# Warre production



## msl (Sep 6, 2016)

You might ask Sam!
spit ball numbers
a natural amount of drone comb (20%) IE foundation less cuts your honey production by 1/2 -Seeley 2001
It takes about 2lbs of honey to draw out a deep frame- Oliver 2016
the net if full of "numbers" for the amount in a deep frame, but given Ian runs like 1k+ and all deeps his numbers seem wood seem to be a good start


Ian said:


> This year we averaged 40lbs net from a deep. We generally like to target 30-35 lbs


take the high for fun (4lbs a frame) and it says crush and strain costs you about 1/3 your yeild

so that suggests 100X.5X.66 = 33 lbs 

but then there is all the honey left stuck in the wax (rince in warm water and make mead?) 
Then there is 
lost opportunity costs by not having extra drawn comb for evaporation space if there is a stong flow
and the smaller colony size 
love to hear if any one has some "real numbers" to compare to my spitball...

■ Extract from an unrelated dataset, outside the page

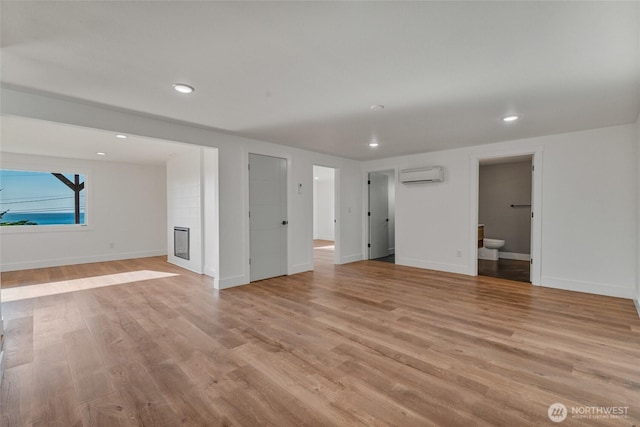 interior space with a wall mounted air conditioner, light wood-style flooring, baseboards, and a glass covered fireplace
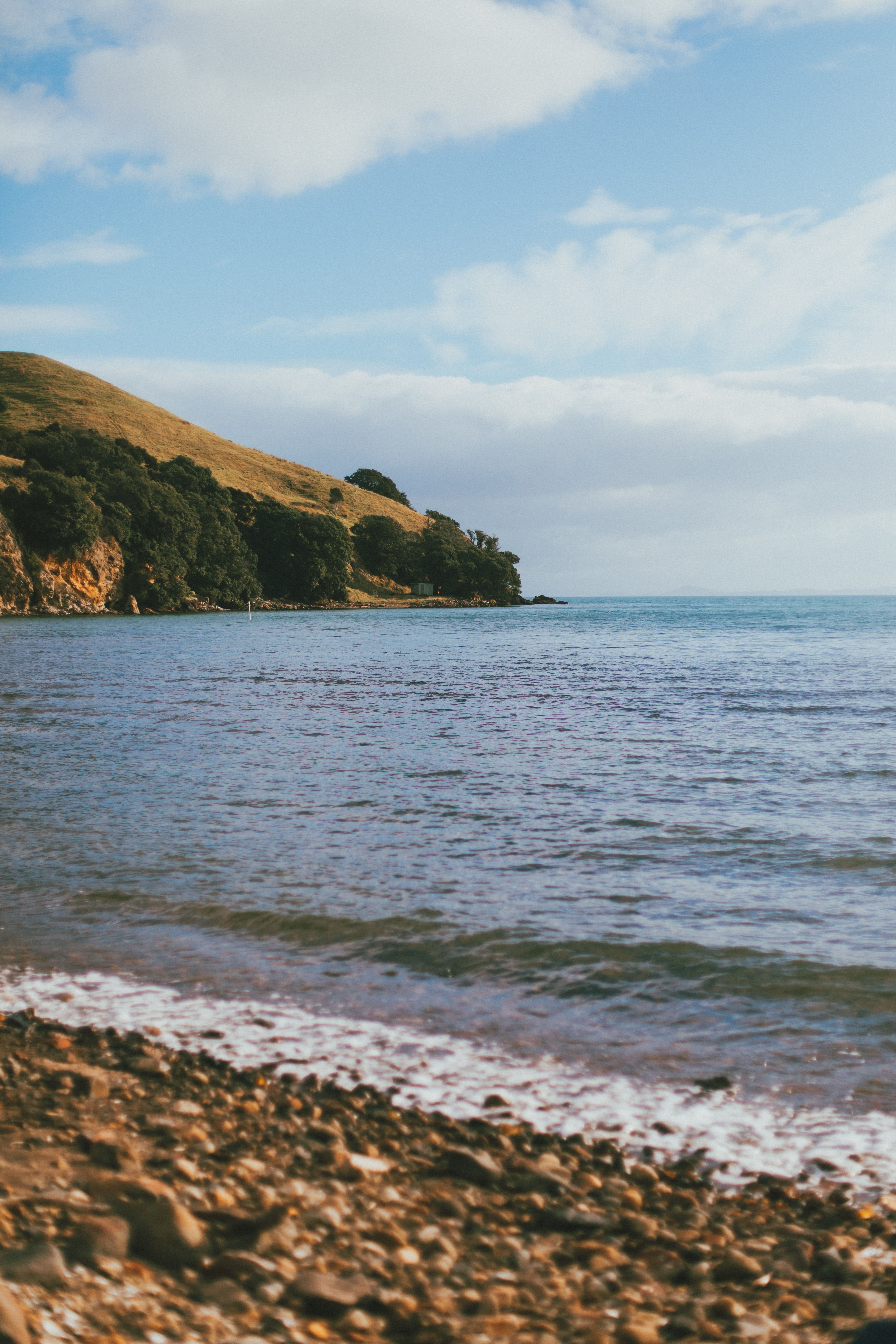 A beach with a blue sky and water · Free Stock Photo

In my main yard I have been splitting the langs so hard I don'd have a sold number.....last year my nehobor said he made "bout 300lbs" I would guess by watching maby 13-14 were alive in the fall and some were 1st year hives, I did 32# between 3 KTBH. 
But different stocks and management, I would guess if he did more more mite management his production numbers would be higher.:waiting:


----------



## little_john (Aug 4, 2014)

An alternative approach would be to adopt the Russian 'Alpine' Hive protocol, with 108mm tall boxes, top bars with wire 'frames', foundation, extracted supers and so on ...

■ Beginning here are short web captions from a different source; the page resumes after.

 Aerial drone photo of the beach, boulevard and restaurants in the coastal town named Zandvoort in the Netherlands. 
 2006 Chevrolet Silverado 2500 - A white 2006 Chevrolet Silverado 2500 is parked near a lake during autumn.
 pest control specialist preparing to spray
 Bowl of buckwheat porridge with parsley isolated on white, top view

Warre-style hives don't *have* to be restricted to the crush and strain approach. 
LJ


----------



## GregB (Dec 26, 2017)

little_john said:


> An alternative approach would be to adopt the Russian 'Alpine' Hive protocol, with 108mm tall boxes, top bars with wire 'frames', foundation, extracted supers and so on ...
> 
> Warre-style hives don't *have* to be restricted to the crush and strain approach.
> LJ


+1


I am thinking to build one based on a shortened Lang mediums.
So that would be based on 6 1/4 tall inch frame (for convenience and external compatibility).
For me, I am looking for better ergonomics for the bee and the beekeeper.
But also looking for harvesting early honey somehow.

While I do not have personal experience in this area yet, I already posted lots of references on this subject - lots of people have been doing CVHs (Compact Vertical Hives, e.g. "alpines" and the many variants) for a while now.
It it seems the CVHs are compatible to Langs/Dadants in the honey production, reportedly. 
In certain years and places, CVHs are doing much better than Langs/Dadants - due to better spring growth conditions they provide during cold springs and so on.
In fact, CVHs are better for early honey crops - due to the small vertical increments you get to work with.


----------



## viesest (Jul 13, 2016)

GregV said:


> Compact Vertical Hives


Compactness is because of heat retention, but heat retention can be (also) achieved by isolation and longer super can be made compact by inserting (isolated) follower board (in winter time). Then, the advantage of longer box is, it has more space for brood expansion and more space for winter stores, the tolerance is higher.

(Example of horizontal expansion: https://www.bienenkiste.de/doku/bauanleitung/summary/index.html)


----------



## JConnolly (Feb 21, 2015)

Just out of sheer curiosity I ran a Warre for two years. My Warre adventure was just one single hive so factor that in how you consider my experience, which is very little. I made four boxes, a Warre style bottom board, quilt box, 1 gallon top feeder, and Warre style gabled cover.









By the numbers. My Warre had the standard 30 cm square 21 cm high boxes. My state requires that all beehives have removable frames. My frames had sidebars but no bottom bar , giving me a comb face area of 502 cm[sup]2[/sup], or 78 in[sup]2[/sup]. 









A Langstroth medium frame has a comb face area of 87 in[sup]2[/sup]. A Langstroth deep frame is 136 in[sup]2[/sup]. A fully drawn Warre comb is 89% the size of a Langstroth medium frame and 57% of the area of a Langstroth deep. The Warre has 8 top bars and is 71% the total comb are of a 10 frame medium super.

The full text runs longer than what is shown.